(Beginning of Supplied records)
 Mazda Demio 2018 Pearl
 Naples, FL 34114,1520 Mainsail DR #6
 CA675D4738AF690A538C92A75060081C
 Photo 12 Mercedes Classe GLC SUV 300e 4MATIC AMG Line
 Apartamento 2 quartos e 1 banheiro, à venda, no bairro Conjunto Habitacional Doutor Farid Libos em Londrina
(End of Supplied records)
(Beginning of Supplied records)
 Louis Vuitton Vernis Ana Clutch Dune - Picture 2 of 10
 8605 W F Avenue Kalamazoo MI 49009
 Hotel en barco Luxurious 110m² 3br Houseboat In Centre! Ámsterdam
(End of Supplied records)
▶ [Task goal] Precisely the lines between those holding "CA675D4738AF690A538C92A75060081C" and "Apartamento 2 quartos", inclusive, are to be reproduced from the listing above, with nothing added.

▶ [Solution to this exercise]
 CA675D4738AF690A538C92A75060081C
 Photo 12 Mercedes Classe GLC SUV 300e 4MATIC AMG Line
 Apartamento 2 quartos e 1 banheiro, à venda, no bairro Conjunto Habitacional Doutor Farid Libos em Londrina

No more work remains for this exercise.